Her eyes returned to his face, searching beseechingly, then she shifted to bring her other hand to join the first, clasping his larger hand between hers as if through her touch, she was willing him to understand. “At the time, just the thought that you were there to visit some courtesan… Something inside me broke—shattered—and feelings rushed through and overwhelmed me. I felt so much, so painfully and powerfully, that I simply couldn’t think at all.” Her eyes steadied on his. “It was the most awful, dreadful feeling. I’ve never felt out of control like that, wholly hostage to my emotions. I felt so hurt.” She pressed one hand to her chest. “So battered and bruised.”

She studied his eyes, then simply repeated, “I’m so very sorry.”

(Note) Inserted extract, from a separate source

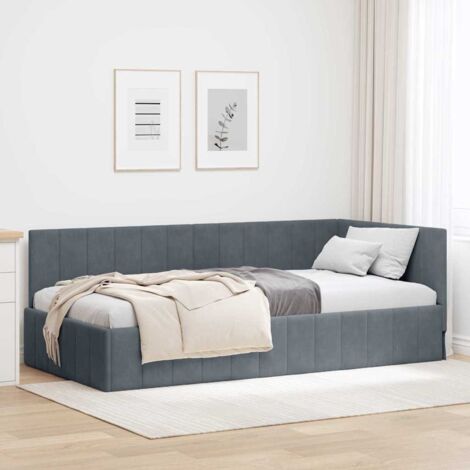 Corner Bed Frame with Headboard Dark grey 100 x 200 cm Velvet vidaXL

He felt her sincerity—the depth of it—and the underlying reassurance of her love washed over him. He let that sink in, then finally allowed his features to soften, his lips to faintly lift. Still holding her gaze, he quietly said, “After finding you by the side of a wrecked train and seeing you collapse”—he had to draw in a tight breath of his own—“I know all about feeling too much. About how emotions like love and fear can scramble one’s brain. I hadn’t ever felt like that, either.”

He twined his fingers with hers, more firmly linking their hands. “If I hadn’t had the children and the staff to see to—if I’d been allowed to think of only you and what you meant to me…” Reliving the moments all too vividly, he broke off, then raked his free hand through his hair, met her gaze, and admitted, “God alone knows what I would have done. I certainly wasn’t capable of thinking rationally, not about anything to do with you.”

She managed a weak, rather watery smile. “We are a pair, it seems. As Child said, we deserve each other.”

He held her gaze, studying her eyes, then he shifted forward in the chair, separated their fingers, and retook her hands, one in each of his, gripping them firmly; her fingers curled over his, tightening in response. Fixing his eyes on hers, he looked deep into the silvery blue and stated, “Never doubt this. I love you. That hasn’t changed over the past five and more years, and it’s not going to change any time in the future. You are my world. You might not have known it, but from the very first instant I set eyes on you, you held my heart in your hands.”